The Vinton Furnace started production using the charcoal process to produce pig iron in 1854. The charcoal furnaces later switched to use coal in the original furnaces. In 1873 a “modern” plant consisting of 24 ovens was constructed on the site. It ceased operation in 1883 presumably as a result of high sulphur content of the local coal. Parts of the stack and foundations still exist but there is a lot of overgrowth that threatens these remains.

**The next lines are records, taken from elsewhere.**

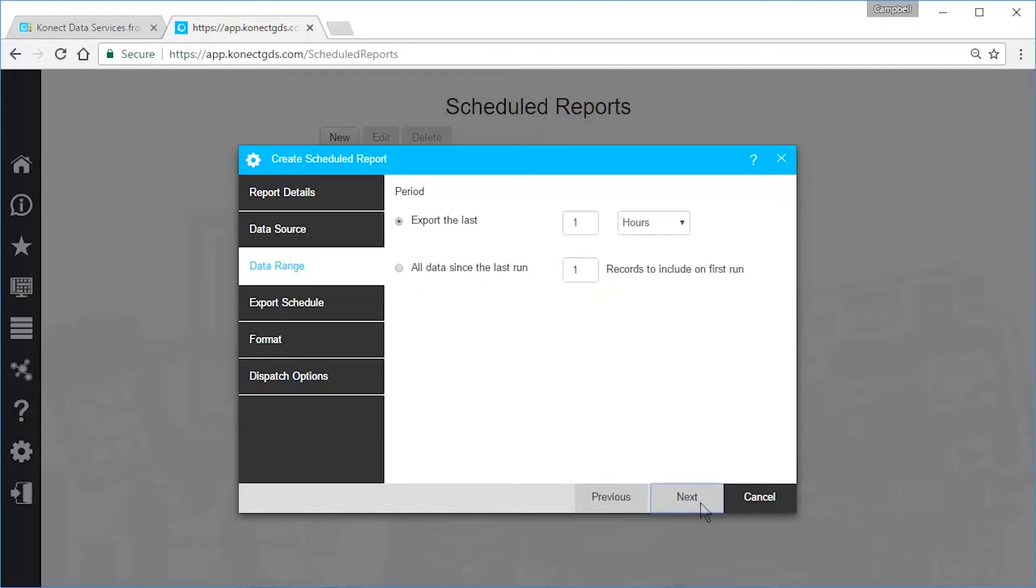Next, specify what time period you want the exported data to include. For this example, I'll set it to 24 hours.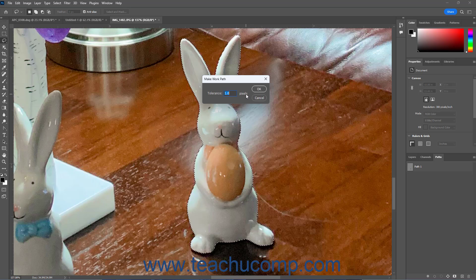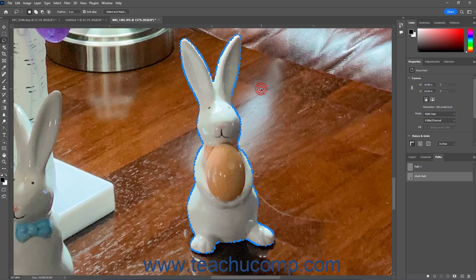In the Make Work Path dialog box, enter the Pixel Tolerance to allow for the selection conversion into the Tolerance field. Then click the OK button to convert and save the selection to the temporary Work Path in the Paths panel.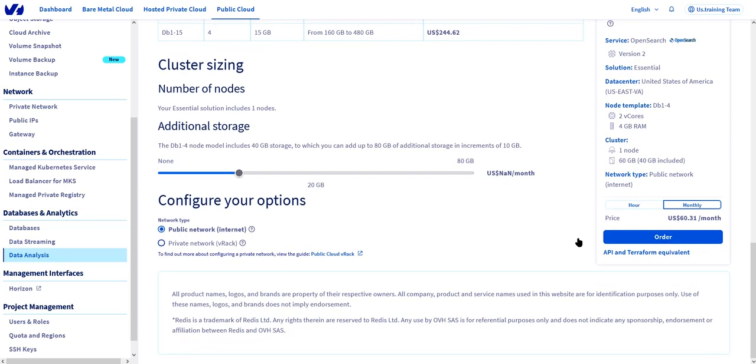Finally, we decide whether we want to have a public network with a public IP address or do we want to have this instance running on the private network of OVH. Once all the choices are made, we simply have to click the order button.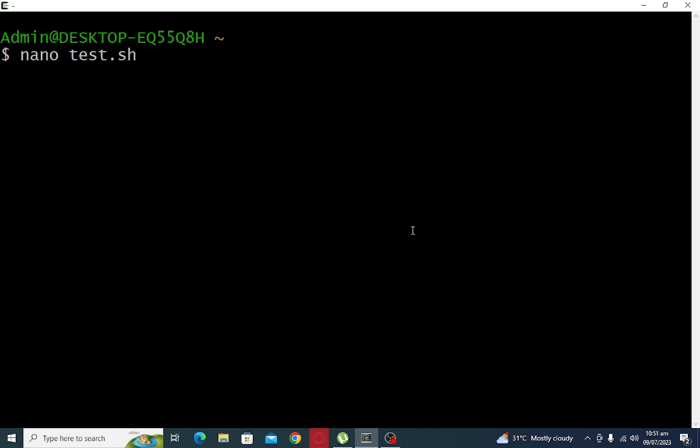Good day everyone, welcome to my channel. In this video I will discuss to you guys how to write a program that will add the sum of three numbers using bash shell in Linux.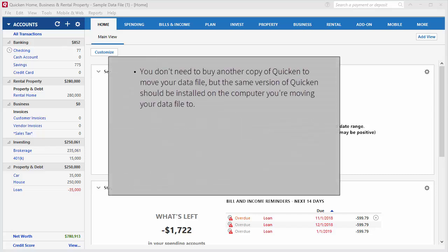You don't need to buy another copy of Quicken to move your data file from one computer to another, but the same version of Quicken should be installed on the computer you're moving your data file to.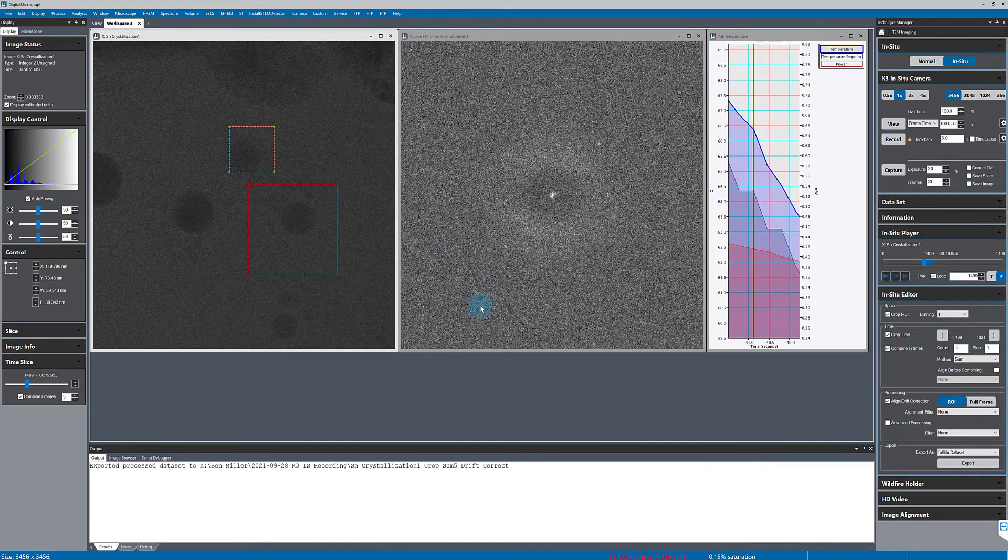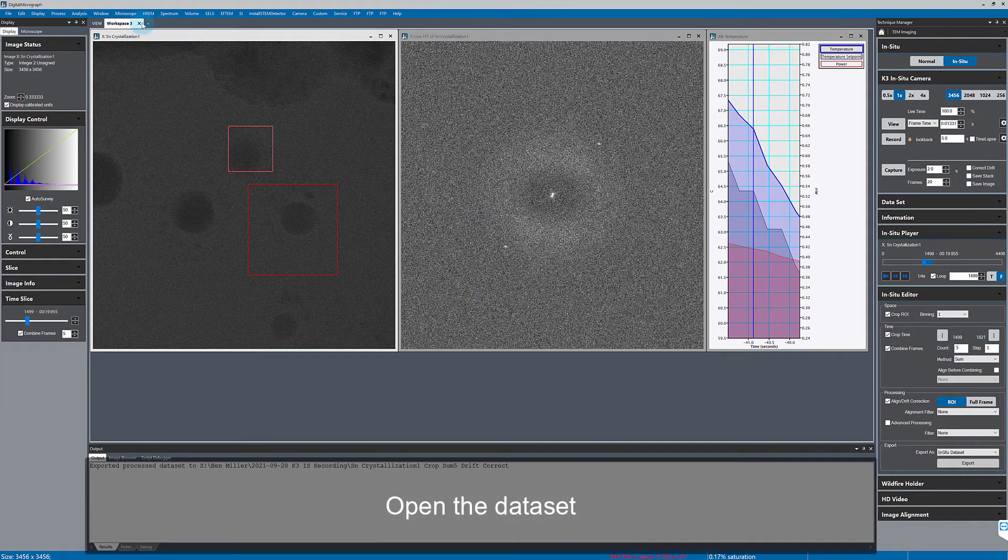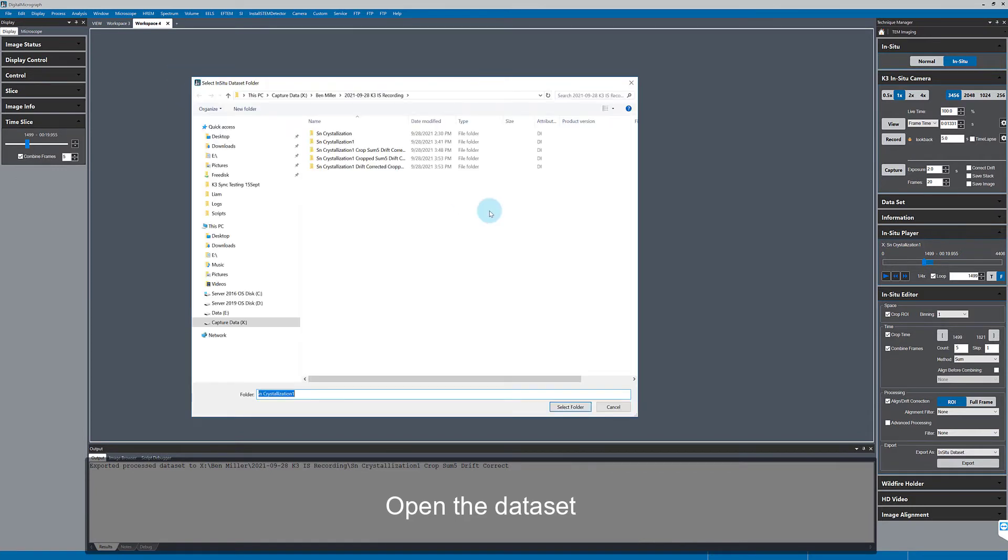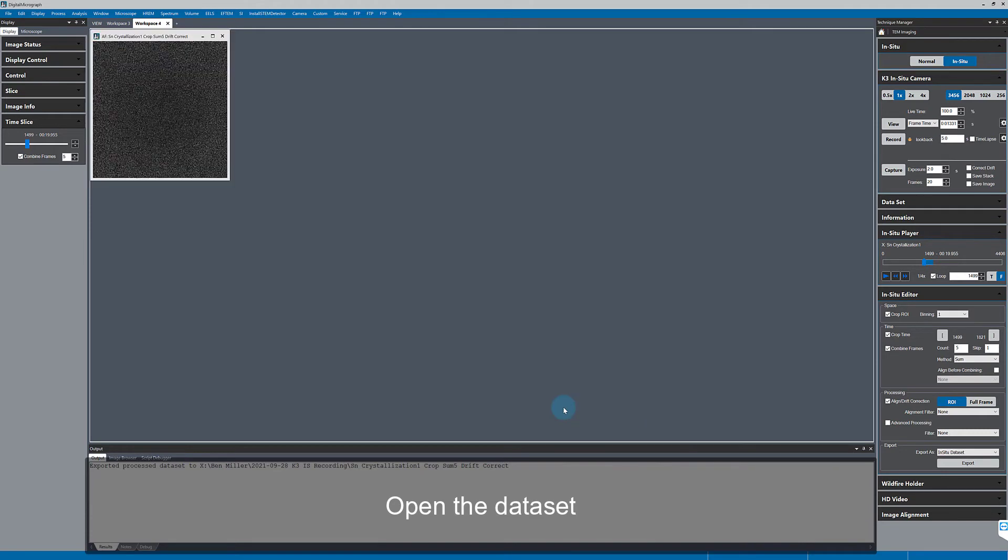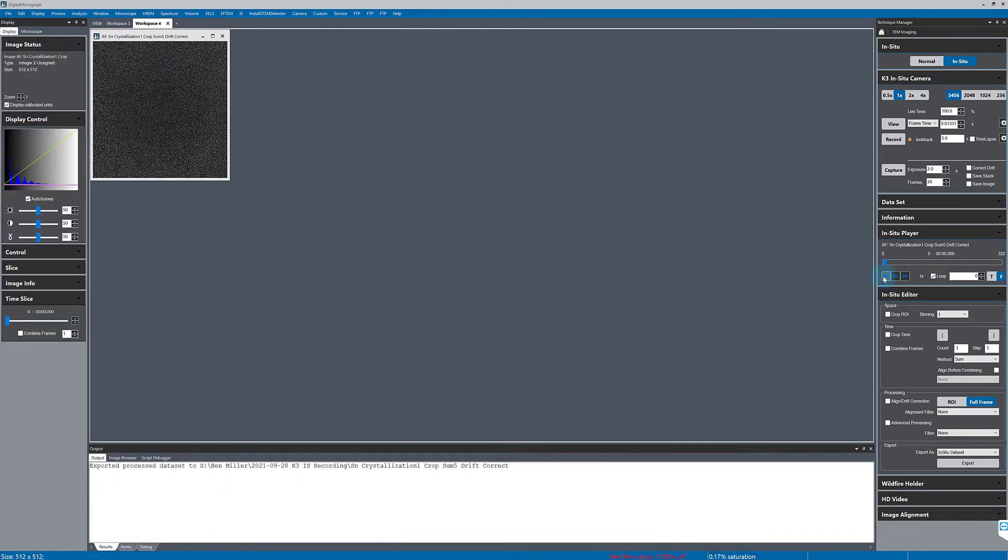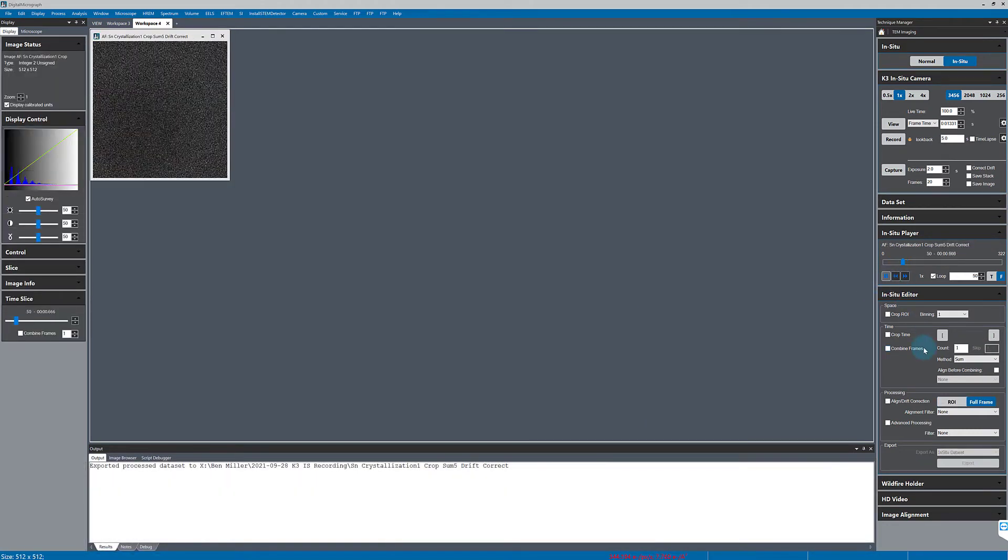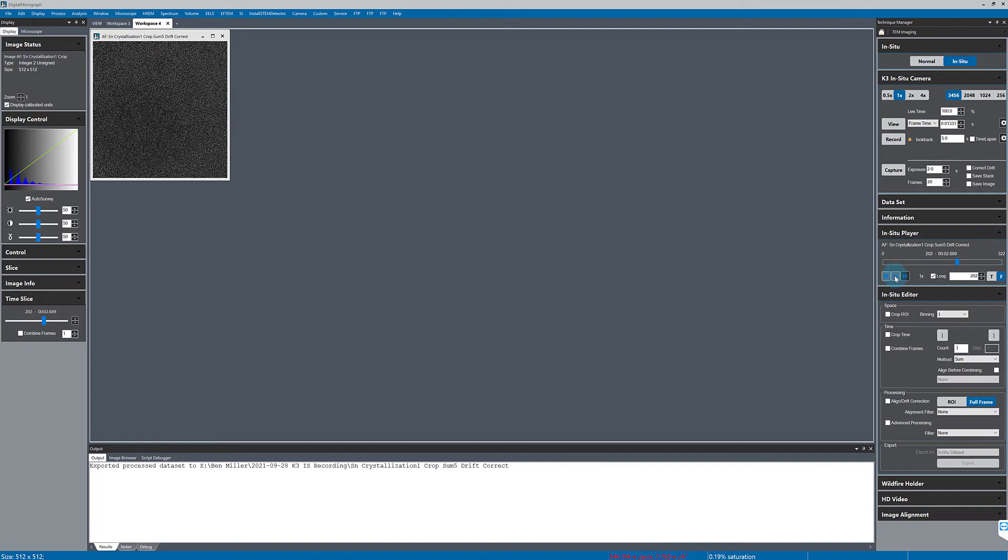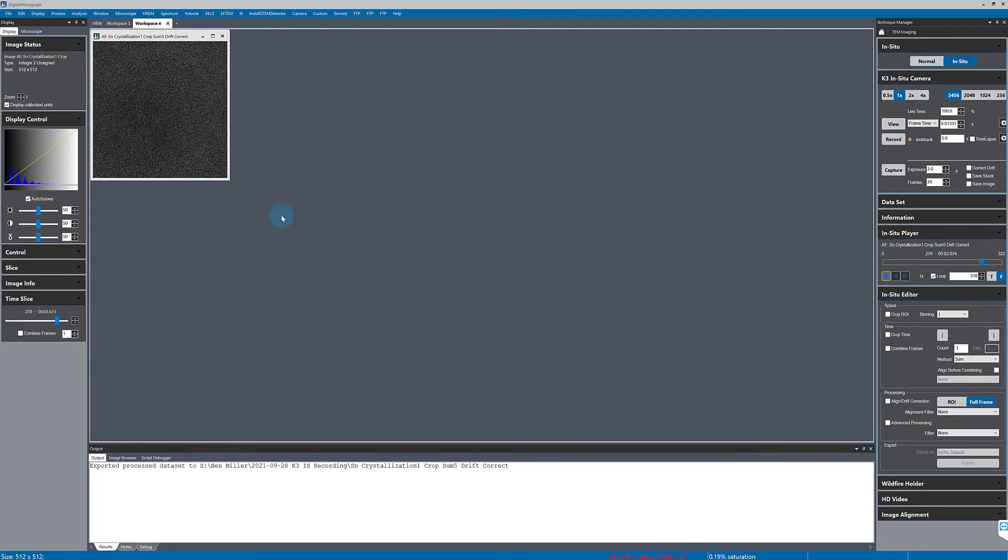Now that that's done processing, I can open the processed data set with GMS. And here's my new crop data set and I can play that back with the same in situ player.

The bridges appear to be younger than the 1883 closing date of the Vinton Iron Furnace. Likely they were not abandoned because of closing of Vinton Furnace but as a result of a subsequent repositioning of Mead Road (also called Stone Quarry Rd and TH-7) to a more circuitous route to the east in order to avoid crossing Elk Fork. Examination of a road map shows the bridges are on the more direct route likely taken by the original road.

Tuesday, January 15, 2008

The Precht Bridge

Photo: Anne Ellis 2007

The bridge is an abandoned Pratt pinned through truss bridge of the style built by the Massillon Bridge Co. about 1900. It is located in the Mary Jane Thurston State Park near Napoleon in Henry County and crosses North Turkeyfoot Creek on a dirt trail that goes to the nearby abandoned Showman-Edwards Cemetery.

There is a metal plaque attached to the bridge memorializing William H. Precht who died there in a 1931 tractor accident. This may have contributed to the belief that the site is haunted. Read more about that at Grave Addiction - a website documenting cemeteries.

Monday, January 07, 2008

Warren Deck Truss Simulation

This bridge is a computer model designed using free software called West Point Designer, which is available from the US Military Academy website.

The software lets you build a virtual bridge, calculate its cost and test its strength with a dynamic load. Get it wrong and the bridge collapses! You can submit your successful design to the USMA website to see how your bridge compares to the designs of others based on cost. It's a great way to learn how bridge truss configuration contributes to strength.